The records
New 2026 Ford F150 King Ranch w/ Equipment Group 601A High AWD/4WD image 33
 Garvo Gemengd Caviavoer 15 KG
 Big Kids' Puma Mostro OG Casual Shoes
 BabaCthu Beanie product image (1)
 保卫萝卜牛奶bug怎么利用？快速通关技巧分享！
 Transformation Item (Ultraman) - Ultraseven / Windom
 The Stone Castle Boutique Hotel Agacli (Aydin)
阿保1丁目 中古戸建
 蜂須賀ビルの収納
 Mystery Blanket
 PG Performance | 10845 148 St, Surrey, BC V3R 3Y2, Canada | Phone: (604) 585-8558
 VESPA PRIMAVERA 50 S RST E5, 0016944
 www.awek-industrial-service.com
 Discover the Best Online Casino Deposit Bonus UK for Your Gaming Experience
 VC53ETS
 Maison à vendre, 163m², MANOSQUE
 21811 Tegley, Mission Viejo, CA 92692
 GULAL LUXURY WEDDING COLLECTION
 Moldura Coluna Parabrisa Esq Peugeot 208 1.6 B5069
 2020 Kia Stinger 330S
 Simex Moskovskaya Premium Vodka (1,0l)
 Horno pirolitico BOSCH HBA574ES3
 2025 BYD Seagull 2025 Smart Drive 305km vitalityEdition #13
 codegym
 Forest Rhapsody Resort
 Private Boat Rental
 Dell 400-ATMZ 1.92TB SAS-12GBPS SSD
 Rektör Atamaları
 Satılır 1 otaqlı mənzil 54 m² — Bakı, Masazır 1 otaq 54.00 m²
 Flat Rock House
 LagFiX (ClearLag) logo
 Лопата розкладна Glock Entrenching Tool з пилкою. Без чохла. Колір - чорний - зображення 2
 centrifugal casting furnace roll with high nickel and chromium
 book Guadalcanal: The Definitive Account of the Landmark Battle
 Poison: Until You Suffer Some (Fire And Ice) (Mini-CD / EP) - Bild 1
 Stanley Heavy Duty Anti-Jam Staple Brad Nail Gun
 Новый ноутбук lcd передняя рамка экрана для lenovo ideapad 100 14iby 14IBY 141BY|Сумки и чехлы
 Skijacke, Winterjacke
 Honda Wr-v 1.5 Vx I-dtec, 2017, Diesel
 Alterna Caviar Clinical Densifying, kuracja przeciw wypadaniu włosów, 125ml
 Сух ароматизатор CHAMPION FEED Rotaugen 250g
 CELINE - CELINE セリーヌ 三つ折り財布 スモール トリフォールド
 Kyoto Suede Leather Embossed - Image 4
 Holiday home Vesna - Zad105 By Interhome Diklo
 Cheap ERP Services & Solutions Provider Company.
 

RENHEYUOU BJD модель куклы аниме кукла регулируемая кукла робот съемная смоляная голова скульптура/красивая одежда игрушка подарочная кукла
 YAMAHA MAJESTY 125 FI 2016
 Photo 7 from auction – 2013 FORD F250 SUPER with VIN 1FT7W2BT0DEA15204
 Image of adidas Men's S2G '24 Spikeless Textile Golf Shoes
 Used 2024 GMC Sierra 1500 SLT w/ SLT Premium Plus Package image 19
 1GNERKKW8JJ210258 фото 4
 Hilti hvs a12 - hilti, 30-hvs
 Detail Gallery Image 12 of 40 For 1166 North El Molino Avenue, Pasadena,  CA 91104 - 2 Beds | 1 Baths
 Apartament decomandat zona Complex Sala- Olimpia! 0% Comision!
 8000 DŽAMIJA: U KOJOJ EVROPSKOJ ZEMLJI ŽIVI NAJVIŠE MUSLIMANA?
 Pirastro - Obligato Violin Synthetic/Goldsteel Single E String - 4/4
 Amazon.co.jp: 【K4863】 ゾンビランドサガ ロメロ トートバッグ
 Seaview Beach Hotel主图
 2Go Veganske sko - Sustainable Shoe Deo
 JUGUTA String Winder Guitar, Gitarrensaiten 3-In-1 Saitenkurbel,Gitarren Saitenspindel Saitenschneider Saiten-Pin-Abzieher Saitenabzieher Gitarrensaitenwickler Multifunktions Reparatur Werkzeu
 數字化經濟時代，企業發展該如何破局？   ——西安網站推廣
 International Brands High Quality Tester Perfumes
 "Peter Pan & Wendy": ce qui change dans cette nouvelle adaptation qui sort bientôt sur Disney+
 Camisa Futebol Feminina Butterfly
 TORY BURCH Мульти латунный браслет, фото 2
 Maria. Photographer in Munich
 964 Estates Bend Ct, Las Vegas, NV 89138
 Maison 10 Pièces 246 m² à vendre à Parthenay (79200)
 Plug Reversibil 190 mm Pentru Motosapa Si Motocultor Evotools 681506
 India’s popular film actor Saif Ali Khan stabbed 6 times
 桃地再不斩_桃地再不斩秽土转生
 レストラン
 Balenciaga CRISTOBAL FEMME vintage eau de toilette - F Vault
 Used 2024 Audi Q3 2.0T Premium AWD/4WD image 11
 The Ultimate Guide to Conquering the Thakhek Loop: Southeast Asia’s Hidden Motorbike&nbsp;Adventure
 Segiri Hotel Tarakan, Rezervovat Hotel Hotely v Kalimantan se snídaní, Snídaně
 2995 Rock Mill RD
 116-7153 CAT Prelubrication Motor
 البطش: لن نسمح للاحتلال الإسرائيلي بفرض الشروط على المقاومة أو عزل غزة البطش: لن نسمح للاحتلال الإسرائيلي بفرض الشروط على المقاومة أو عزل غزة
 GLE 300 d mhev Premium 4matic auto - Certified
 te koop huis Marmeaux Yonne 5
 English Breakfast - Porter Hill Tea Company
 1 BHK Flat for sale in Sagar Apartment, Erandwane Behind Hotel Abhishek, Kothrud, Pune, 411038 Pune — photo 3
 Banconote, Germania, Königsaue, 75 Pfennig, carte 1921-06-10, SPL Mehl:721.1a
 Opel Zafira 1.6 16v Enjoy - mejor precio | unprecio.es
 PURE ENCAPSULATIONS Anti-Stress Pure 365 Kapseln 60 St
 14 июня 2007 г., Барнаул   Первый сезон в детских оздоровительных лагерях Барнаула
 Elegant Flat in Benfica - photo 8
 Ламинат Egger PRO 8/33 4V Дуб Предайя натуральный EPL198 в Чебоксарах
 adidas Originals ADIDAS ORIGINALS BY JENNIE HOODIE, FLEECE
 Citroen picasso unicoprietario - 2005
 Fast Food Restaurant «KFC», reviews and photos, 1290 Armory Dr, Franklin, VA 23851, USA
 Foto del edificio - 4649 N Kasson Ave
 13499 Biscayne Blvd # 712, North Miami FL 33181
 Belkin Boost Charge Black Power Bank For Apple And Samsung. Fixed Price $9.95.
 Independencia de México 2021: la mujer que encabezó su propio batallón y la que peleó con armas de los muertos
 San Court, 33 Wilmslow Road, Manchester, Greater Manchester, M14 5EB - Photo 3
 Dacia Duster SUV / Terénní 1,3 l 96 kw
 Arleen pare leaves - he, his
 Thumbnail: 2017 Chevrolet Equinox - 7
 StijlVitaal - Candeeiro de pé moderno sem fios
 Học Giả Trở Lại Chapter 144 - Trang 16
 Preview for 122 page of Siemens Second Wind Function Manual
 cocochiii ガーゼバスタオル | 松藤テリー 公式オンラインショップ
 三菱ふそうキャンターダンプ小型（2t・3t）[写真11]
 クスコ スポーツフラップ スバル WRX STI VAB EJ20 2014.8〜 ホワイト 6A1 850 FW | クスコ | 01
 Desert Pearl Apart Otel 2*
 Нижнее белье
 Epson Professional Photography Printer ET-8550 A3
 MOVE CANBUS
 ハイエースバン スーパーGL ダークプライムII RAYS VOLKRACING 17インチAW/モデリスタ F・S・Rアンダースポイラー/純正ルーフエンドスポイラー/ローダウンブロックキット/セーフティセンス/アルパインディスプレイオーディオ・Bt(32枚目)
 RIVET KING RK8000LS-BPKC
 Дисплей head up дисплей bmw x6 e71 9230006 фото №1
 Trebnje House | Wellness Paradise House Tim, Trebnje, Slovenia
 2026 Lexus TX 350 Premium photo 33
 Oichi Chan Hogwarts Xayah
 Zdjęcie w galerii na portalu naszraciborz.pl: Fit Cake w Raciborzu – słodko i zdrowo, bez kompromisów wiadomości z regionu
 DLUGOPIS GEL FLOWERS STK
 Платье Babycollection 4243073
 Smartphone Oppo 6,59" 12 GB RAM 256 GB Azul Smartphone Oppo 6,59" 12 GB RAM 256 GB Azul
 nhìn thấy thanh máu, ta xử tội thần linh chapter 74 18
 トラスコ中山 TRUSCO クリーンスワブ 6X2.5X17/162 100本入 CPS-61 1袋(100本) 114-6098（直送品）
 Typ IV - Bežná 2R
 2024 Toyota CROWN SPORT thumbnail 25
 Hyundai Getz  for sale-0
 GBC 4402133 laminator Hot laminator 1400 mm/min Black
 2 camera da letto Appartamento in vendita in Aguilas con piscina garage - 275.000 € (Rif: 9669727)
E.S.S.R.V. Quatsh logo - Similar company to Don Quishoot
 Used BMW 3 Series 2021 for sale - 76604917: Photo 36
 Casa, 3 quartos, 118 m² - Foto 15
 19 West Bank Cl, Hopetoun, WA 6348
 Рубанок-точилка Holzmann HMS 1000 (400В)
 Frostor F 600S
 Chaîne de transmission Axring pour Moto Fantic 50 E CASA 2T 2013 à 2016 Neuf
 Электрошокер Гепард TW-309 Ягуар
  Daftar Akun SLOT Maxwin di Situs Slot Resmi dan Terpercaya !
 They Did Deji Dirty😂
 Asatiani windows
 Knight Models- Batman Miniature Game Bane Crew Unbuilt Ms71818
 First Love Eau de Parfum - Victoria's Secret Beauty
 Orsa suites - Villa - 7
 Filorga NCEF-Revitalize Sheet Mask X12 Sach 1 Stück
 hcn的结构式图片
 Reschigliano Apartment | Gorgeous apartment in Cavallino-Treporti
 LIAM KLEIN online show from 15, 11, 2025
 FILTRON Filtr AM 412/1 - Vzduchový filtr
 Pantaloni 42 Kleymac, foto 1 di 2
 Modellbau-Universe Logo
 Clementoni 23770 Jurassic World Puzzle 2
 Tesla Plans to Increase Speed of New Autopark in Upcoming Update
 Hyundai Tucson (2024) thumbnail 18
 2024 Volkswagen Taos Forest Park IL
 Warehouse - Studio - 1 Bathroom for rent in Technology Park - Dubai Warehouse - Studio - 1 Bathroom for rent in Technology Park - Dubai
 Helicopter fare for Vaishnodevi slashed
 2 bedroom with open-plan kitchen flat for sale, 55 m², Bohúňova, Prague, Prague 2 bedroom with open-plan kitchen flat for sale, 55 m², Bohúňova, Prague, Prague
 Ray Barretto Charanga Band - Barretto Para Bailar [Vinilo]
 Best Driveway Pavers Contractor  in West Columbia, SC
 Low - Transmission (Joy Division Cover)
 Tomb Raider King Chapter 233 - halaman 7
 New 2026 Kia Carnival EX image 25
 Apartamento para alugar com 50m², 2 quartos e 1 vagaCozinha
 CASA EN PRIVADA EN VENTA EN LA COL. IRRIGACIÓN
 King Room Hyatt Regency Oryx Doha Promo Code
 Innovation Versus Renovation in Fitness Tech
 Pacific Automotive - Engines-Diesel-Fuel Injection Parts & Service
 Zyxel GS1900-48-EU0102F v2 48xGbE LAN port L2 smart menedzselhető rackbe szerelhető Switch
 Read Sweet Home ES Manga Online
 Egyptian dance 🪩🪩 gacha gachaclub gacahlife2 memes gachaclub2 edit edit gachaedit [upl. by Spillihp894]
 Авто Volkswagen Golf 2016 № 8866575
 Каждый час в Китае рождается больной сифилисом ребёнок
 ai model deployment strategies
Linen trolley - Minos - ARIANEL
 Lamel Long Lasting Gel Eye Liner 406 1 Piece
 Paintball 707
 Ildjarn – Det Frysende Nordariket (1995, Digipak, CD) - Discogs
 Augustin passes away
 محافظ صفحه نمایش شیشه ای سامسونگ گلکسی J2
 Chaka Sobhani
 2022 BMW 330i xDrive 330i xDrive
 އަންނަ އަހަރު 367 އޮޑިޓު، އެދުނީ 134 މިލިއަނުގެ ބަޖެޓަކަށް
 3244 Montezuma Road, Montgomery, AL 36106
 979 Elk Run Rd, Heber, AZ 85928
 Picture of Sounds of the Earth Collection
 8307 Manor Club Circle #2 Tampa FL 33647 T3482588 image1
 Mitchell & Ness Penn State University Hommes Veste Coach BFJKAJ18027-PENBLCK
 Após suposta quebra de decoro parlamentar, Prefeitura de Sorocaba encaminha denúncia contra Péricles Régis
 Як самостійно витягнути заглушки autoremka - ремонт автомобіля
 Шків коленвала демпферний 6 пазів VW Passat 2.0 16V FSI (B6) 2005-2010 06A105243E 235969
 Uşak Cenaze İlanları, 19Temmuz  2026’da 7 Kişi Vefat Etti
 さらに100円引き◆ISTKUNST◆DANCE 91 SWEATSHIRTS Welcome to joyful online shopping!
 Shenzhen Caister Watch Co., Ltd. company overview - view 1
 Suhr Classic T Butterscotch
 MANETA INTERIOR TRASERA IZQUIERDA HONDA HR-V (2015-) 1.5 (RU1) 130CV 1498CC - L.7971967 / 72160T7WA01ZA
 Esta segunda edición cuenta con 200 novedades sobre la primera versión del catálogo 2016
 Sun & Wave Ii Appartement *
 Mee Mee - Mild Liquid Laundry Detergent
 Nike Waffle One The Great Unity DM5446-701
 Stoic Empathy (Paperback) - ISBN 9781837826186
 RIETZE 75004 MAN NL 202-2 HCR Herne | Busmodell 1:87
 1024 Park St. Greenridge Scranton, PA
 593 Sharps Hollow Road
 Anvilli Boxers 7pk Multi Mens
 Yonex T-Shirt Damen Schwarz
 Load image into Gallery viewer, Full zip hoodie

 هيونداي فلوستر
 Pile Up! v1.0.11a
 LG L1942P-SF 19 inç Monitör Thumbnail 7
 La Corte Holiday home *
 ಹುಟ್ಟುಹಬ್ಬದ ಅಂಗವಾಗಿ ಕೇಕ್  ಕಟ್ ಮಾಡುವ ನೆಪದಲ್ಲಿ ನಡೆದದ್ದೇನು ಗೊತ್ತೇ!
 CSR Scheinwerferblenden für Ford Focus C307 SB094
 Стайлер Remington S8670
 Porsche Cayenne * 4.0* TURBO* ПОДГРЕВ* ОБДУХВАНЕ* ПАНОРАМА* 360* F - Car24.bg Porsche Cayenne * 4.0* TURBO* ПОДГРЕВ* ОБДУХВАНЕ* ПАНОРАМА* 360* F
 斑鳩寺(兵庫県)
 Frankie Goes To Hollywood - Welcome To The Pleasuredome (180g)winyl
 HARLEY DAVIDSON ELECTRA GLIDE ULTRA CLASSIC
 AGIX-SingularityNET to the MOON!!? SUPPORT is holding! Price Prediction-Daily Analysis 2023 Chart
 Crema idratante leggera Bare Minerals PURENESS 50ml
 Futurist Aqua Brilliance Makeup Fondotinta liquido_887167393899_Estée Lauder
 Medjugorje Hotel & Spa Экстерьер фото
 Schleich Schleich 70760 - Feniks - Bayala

What is needed
Pull every line containing "Used" out of the material and copy it.

Problem solution
 Used 2024 GMC Sierra 1500 SLT w/ SLT Premium Plus Package image 19
 Used 2024 Audi Q3 2.0T Premium AWD/4WD image 11
 Used BMW 3 Series 2021 for sale - 76604917: Photo 36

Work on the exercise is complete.